Saturday, May 04, 2024
45.0°F

Help with health care

by Alecia Warren
| January 14, 2011 8:00 PM

COEUR d'ALENE - U.S. health care coverage gets complicated fast, according to Joe Morris.

"No other country has so many different (coverage) systems as we have," the CEO emeritus of Kootenai Health said on Thursday.

Americans insured through their employers, he explained, follow the German coverage model. Those 65 and over rely on a Canada-like system of government-provided health care.

For the uninsured, it's the Cambodian version: Paying out of pocket.

How well is it all working?

Well, there are 51 million uninsured people in the U.S., Morris said, with 217,000 uninsured in Idaho.

"Seventy-nine percent of Americans want a fundamental change or complete overhaul (of health care)," Morris said, speaking at the Coeur d'Alene Public Library. "It's just hard to agree on the details."

Like with the new federal health care reform, he said.

At a presentation hosted by the League of Women Voters of Kootenai County, Morris laid out the dry facts: How American health care coverage isn't what it should be, and how it will be impacted by the Patient Protection and Affordable Care Act that President Obama signed last March.

The motive for U.S. health care reform is obvious, Morris said.

"We don't stack up very well against other countries when it comes to health care outcomes," he said.

Like the 25,000 to 45,000 who die each year from lack of coverage, he cited. The number of uninsured is rising, he added, and health care bills are the leading cause of bankruptcy in the U.S.

This results in inferior care for the uninsured, Morris said.

It also leads to cost shifting, where providers heap costs on insured patients to make up for the uninsured ones.

"Twenty-nine percent of patients at Kootenai (in October 2010) had commercial insurance. The rest were on Medicare, Medicaid or were uninsured," Morris said. "Twenty-nine percent of people to cost share to is difficult."
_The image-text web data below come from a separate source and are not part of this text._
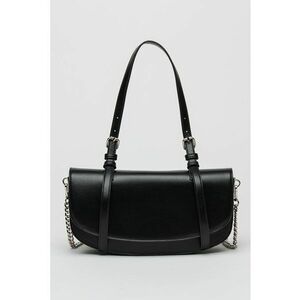 Geanta crossbody de piele ecologica cu bareta detasabila de lant imagine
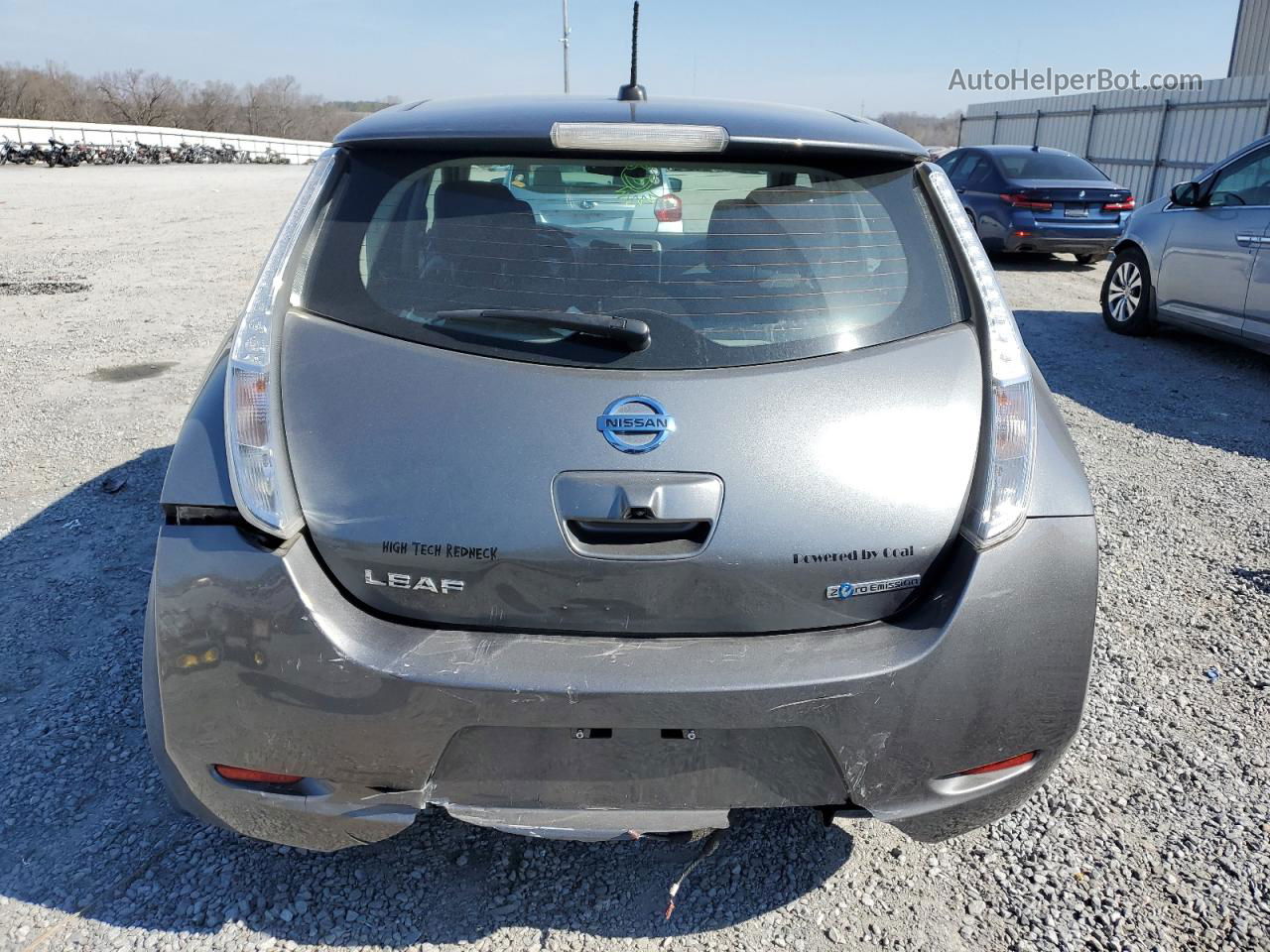 2015 Nissan Leaf S Gray vin: 1N4AZ0CP6FC326448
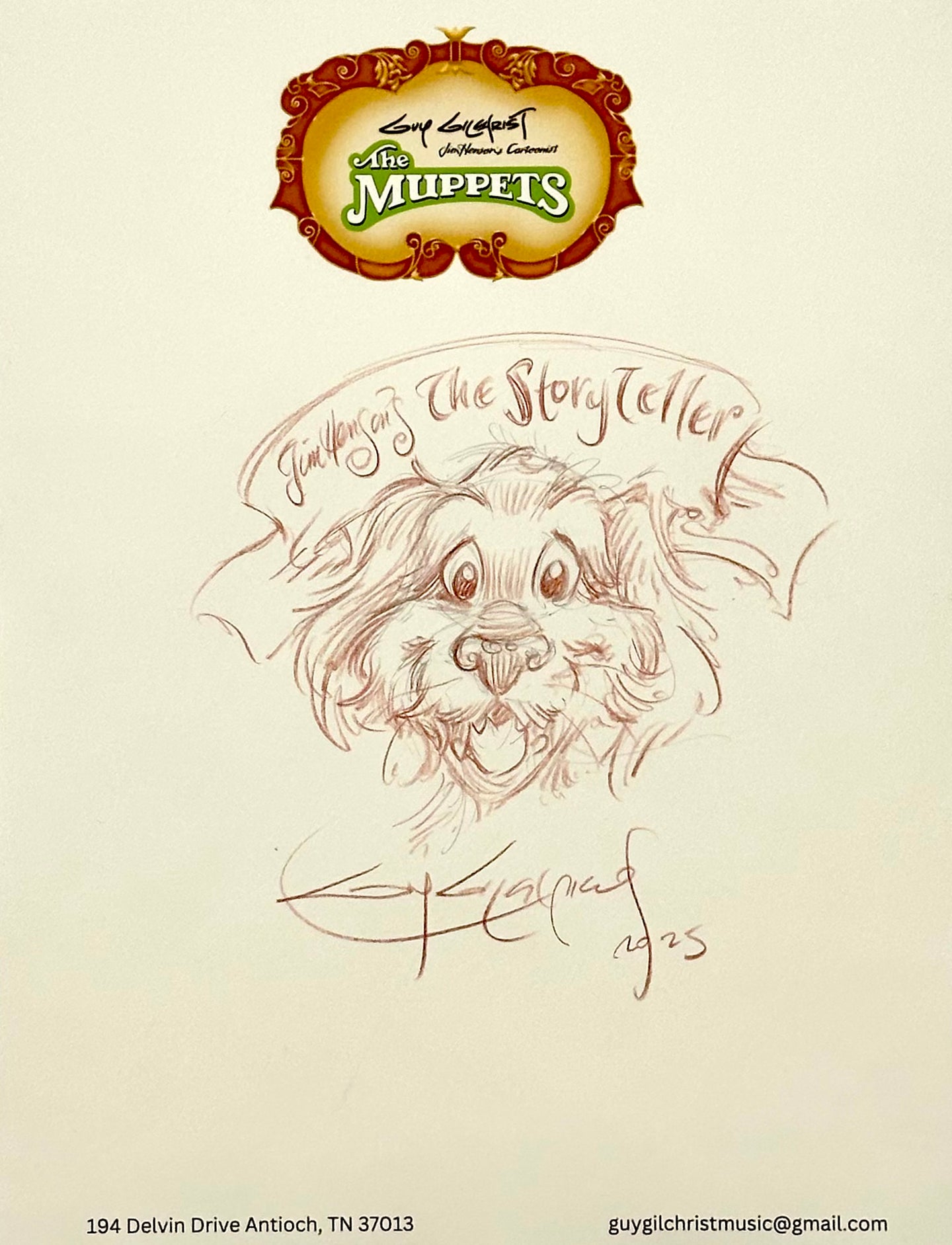 The Storyteller’s Dog - Guy Gilchrist Original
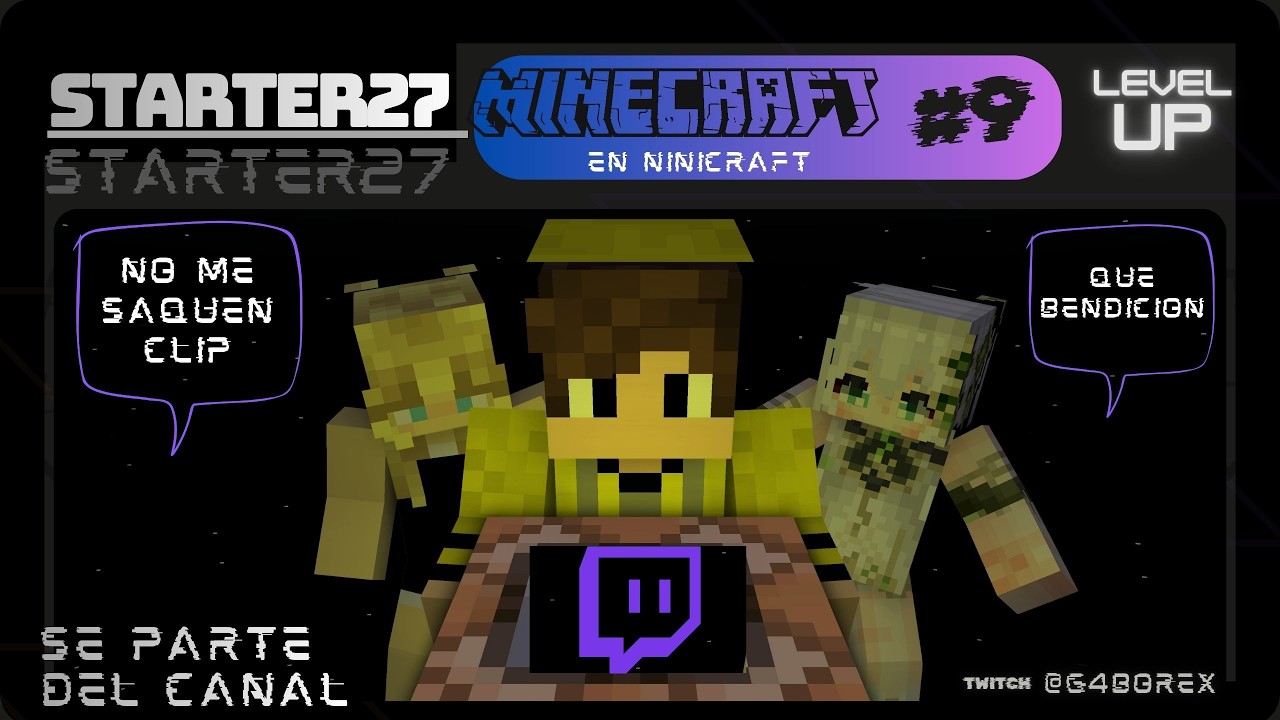 NINICRAFT - Episodio 9 - Ya activé los audios en Twitch - Dia 5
Obama's health care reform will change some things.

Provisions effective this January include that no plans can cancel anyone for getting sick, or discriminate based on salary. Dependents can remain on parents' insurance plans until the age of 26.

Seniors on Medicare will receive free preventative services, plus discounts on brand name drugs during their coverage gap.

"If you're insured through your employer, you should not see a substantial change," Morris said.

The number of uninsured will continue to rise until 2014, Morris predicted, when the kicker of the reform begins.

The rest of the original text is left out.